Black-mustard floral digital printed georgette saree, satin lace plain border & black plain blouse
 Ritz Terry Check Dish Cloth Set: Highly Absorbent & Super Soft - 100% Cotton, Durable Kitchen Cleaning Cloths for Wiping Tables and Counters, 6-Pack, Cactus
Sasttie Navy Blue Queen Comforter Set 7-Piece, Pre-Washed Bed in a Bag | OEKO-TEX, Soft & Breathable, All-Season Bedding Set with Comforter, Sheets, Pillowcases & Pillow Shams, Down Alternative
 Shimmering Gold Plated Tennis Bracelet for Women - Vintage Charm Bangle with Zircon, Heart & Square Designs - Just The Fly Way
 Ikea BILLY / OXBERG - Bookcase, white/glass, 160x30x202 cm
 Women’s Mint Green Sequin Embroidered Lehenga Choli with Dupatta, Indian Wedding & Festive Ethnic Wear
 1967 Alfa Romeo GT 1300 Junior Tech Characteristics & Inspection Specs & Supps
▬▬▬▬▬▬▬▬▬▬
• _WORK INSTRUCTIONS_: Every entry in the data should be returned exactly.

• _FINISHED EXERCISE_:
Black-mustard floral digital printed georgette saree, satin lace plain border & black plain blouse
 Ritz Terry Check Dish Cloth Set: Highly Absorbent & Super Soft - 100% Cotton, Durable Kitchen Cleaning Cloths for Wiping Tables and Counters, 6-Pack, Cactus
Sasttie Navy Blue Queen Comforter Set 7-Piece, Pre-Washed Bed in a Bag | OEKO-TEX, Soft & Breathable, All-Season Bedding Set with Comforter, Sheets, Pillowcases & Pillow Shams, Down Alternative
 Shimmering Gold Plated Tennis Bracelet for Women - Vintage Charm Bangle with Zircon, Heart & Square Designs - Just The Fly Way
 Ikea BILLY / OXBERG - Bookcase, white/glass, 160x30x202 cm
 Women’s Mint Green Sequin Embroidered Lehenga Choli with Dupatta, Indian Wedding & Festive Ethnic Wear
 1967 Alfa Romeo GT 1300 Junior Tech Characteristics & Inspection Specs & Supps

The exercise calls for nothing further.